Diversa la questione Credit Suisse: un esempio dì malagestione ventennale i cui tonfi sono ricoperti sempre dai capitali delle Monarchie del Golfo che si sono per qualche istante permesse di minacciare il crollo: si è trattato di una dichiarazione di guerra e di una mossa del cavallo, pronte a prender possesso interamente della banca e… di gran parte della stessa Svizzera. Di qui di fatto la nazionalizzazione della banca da parte del Governo federale svizzero.
Seguire il caso sarà interessantissimo. Seguiranno l’esempio della di fatto nazionalizzazione surrettizia di gran parte delle banche tedesche? O cercheranno una via originale ossia di co-determinazione dei destini della banca con gli azionisti prima citati?

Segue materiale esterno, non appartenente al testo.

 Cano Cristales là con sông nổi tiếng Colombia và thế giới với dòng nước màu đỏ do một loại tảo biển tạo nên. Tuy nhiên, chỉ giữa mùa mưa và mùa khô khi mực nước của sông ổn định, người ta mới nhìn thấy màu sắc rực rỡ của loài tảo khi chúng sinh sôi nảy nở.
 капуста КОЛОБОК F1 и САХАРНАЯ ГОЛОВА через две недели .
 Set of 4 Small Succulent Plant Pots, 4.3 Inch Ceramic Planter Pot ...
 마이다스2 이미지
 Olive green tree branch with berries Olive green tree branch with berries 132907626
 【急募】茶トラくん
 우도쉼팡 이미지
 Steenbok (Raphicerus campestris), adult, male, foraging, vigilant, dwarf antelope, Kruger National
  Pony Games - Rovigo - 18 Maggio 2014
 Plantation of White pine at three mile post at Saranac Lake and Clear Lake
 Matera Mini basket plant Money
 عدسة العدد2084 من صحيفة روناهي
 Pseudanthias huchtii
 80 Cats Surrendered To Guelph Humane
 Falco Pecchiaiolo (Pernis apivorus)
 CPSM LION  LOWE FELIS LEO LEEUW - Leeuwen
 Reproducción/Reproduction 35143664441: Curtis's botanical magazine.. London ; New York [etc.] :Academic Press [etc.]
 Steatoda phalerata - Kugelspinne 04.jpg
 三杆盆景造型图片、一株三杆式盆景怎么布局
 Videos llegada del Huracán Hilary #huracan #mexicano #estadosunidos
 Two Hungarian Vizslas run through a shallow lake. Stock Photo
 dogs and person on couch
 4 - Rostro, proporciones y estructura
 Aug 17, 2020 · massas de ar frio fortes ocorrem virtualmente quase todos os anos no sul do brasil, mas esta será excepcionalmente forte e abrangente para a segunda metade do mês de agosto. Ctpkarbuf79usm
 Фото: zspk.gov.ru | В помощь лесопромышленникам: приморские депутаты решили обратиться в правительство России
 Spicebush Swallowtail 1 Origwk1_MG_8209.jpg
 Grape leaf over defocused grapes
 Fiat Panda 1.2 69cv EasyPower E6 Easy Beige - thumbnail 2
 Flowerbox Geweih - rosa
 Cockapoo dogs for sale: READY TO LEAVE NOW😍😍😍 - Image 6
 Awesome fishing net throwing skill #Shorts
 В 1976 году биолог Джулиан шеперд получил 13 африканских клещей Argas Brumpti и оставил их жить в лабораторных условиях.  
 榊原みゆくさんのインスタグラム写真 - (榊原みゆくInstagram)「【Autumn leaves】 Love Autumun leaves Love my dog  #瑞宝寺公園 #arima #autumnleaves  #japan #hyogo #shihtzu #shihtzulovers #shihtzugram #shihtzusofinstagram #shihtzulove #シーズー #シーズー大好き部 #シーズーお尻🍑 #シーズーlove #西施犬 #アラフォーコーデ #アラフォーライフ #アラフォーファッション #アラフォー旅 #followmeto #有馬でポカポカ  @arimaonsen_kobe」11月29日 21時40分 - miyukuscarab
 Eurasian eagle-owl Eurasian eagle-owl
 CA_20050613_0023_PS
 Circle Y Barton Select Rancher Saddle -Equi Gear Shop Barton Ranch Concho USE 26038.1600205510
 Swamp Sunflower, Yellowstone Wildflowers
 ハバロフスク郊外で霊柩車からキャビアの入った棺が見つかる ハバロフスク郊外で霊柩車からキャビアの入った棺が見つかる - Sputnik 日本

Dopo il caso Fiat, dove operarono i dollari di Gheddafi (non a caso deposto anni dopo manu militari…), questa volta sarà interessante seguire il comportamento delle autorità svizzere e… nordamericane, perché troppi sono i segreti che dalle sale e dai caveau del Credit Suisse non debbono fuoriuscire, pena il disvelamento di molti passaggi cruciali dell’economia politica mondiale di questi ultimi anni.
Naturalmente di tutte queste questioni la Bce non ha capito nulla, continuando a cantare il ritornello dell’inflazione da salari come hanno affermato sulle tv italiche sprovveduti cantori delle università private che continuano a sostenere l’aumento dei tassi da parte della povera signora che governa, ahinoi, la Bce.
L’unico pericolo è sempre quello: curare per via monetaria un aumento dei prezzi di alcune materie prime alimentari ed energetiche per via prima della pandemia e ora delle sanzioni imposte a tutti per via dell’aggressioni imperialistica della Russia all’Ucraina.
Le banche italiane non hanno nulla da temere. Le regole funzionano e se danneggiano spesso le piccole banche per via della loro asimmetria, in questo caso funzionano. Il pericolo viene dalla mancanza di deontologia professionale dei seminatori di panico: chi semina vento raccoglie tempesta. È ora di smetterla… abbiate pietà.